Amazon reportedly prepares second wave of corporate redundancies affecting 16,000 staff

Amazon is said to be preparing to cut roughly 16,000 corporate positions starting this week, bringing the online retailer's total workforce reduction to approximately 30,000 employees, according to sources familiar with the company's plans reported by Reuters.

The cuts, expected to begin as early as Tuesday, will affect staff across Amazon Web Services, retail operations, Prime Video and the company's human resources division, known as People Experience and Technology. The reductions follow an initial round in October that eliminated about 14,000 white-collar positions.

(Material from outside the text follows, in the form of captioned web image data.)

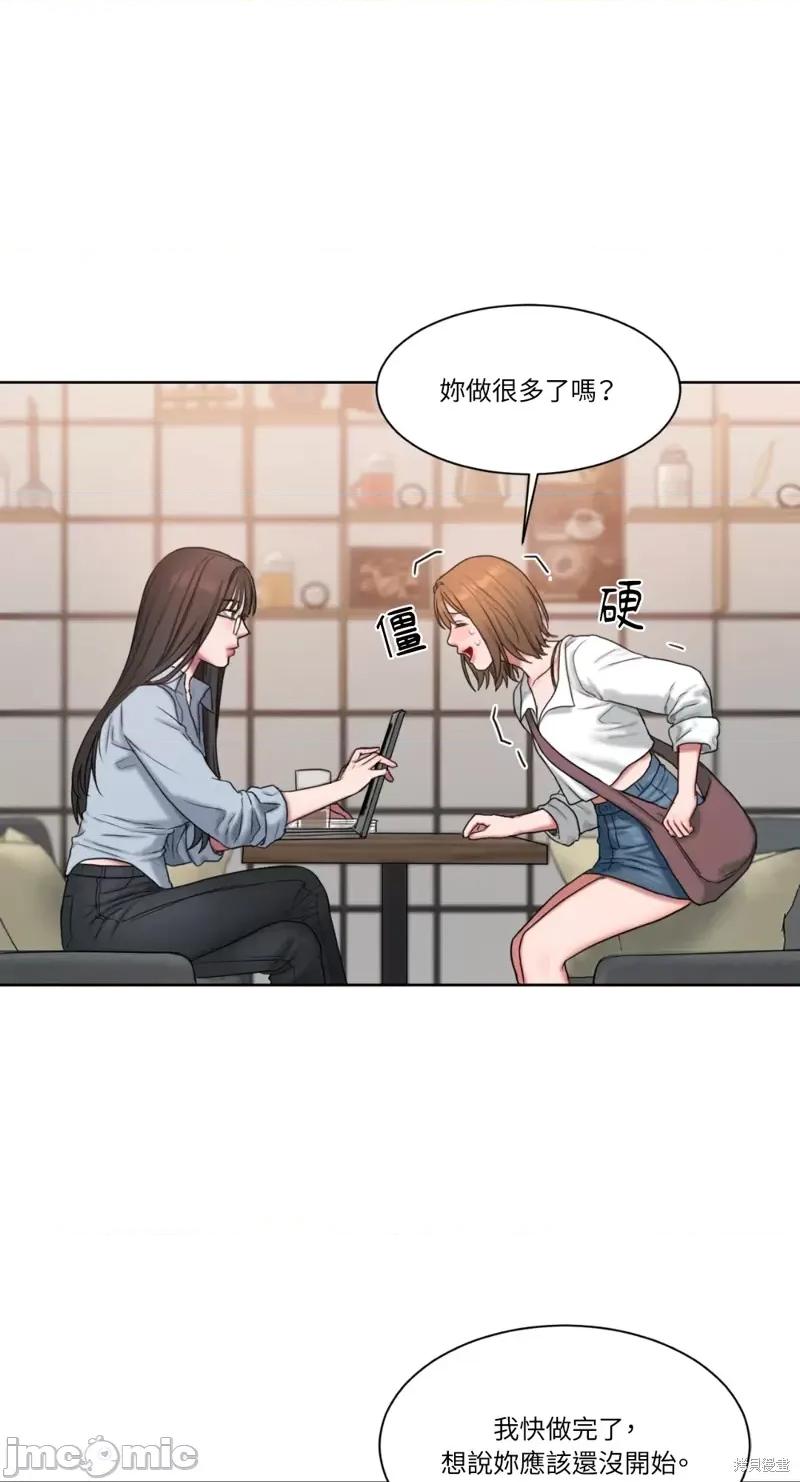 坏想法日记 BAD THINKING DIARY第06话.zip 第16页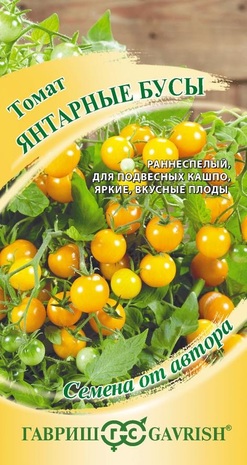 Томат Янтарные бусы 0,05 г автор.  Томат Янтарные бусы 0,05 г автор.
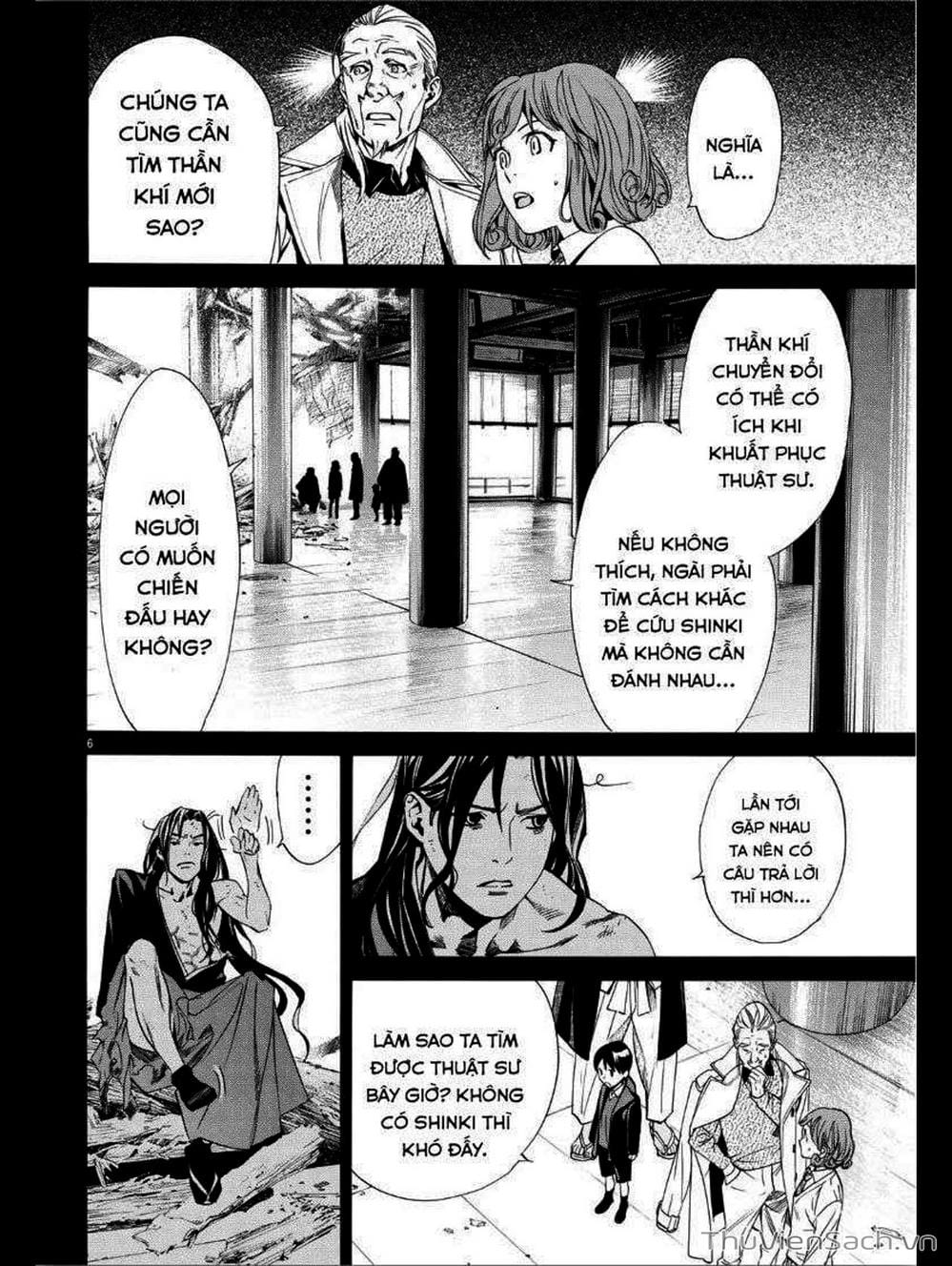 Truyện Tranh Vị Thần Lang Thang - Noragami trang 3634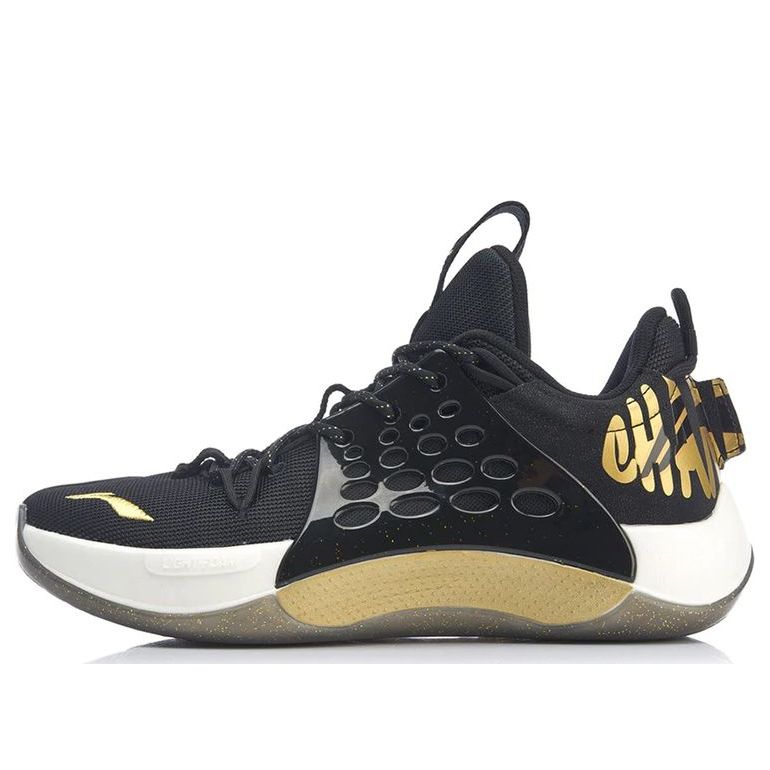 Li-Ning Sonic 7 Low x CBA Player Edition 'Black gold' ABAP033-U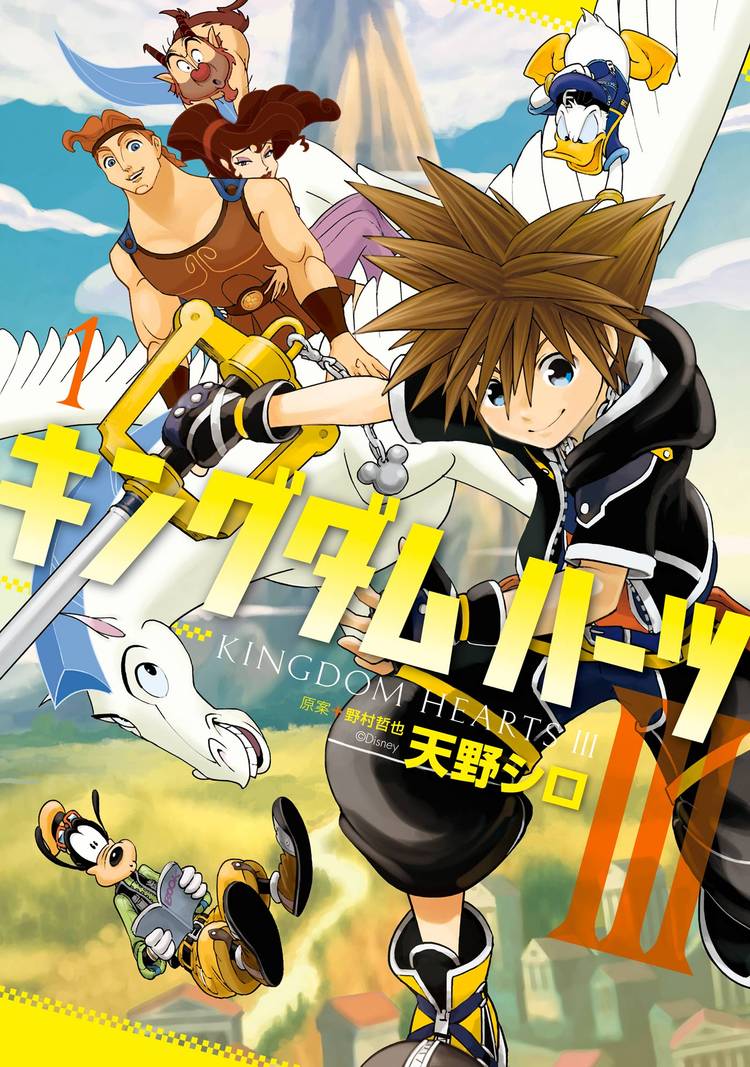 kingdom hearts 3 manga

Chief executive Andy Jassy attributed the restructuring to cultural concerns rather than financial pressures or artificial intelligence adoption. "It's culture," Jassy told analysts during the company's third-quarter earnings call, explaining that the organisation had accumulated excessive bureaucracy and management layers.

The October redundancies were initially linked to AI advancement, with an internal letter describing the technology as "the most transformative we've seen since the Internet" and noting it enabled companies to "innovate much faster than ever before". However, Jassy later clarified that the cuts were "not really financially driven and not even really AI-driven".

The complete 30,000-position reduction represents nearly 10 per cent of Amazon's corporate workforce, though only a small fraction of its 1.58 million total employees. The majority of Amazon's staff work in fulfilment centres and warehouses.

The redundancies would mark the largest workforce reduction in Amazon's three-decade history, surpassing the approximately 27,000 positions eliminated in 2022. Workers affected by the October cuts were given 90 days' notice whilst remaining on payroll, a period that expires on Monday.

Jassy had previously indicated in 2025 that Amazon's corporate headcount would likely decline over time due to efficiency gains from AI implementation. Companies across the technology sector are increasingly deploying AI to automate software coding and routine tasks, seeking cost savings and reduced dependence on human workers.

Amazon showcased its latest AI models during its annual AWS cloud computing conference in December, demonstrating the company's continued investment in the technology despite Jassy's assertion that AI was not driving the redundancy programme.

An Amazon spokesperson declined to comment when contacted by Reuters.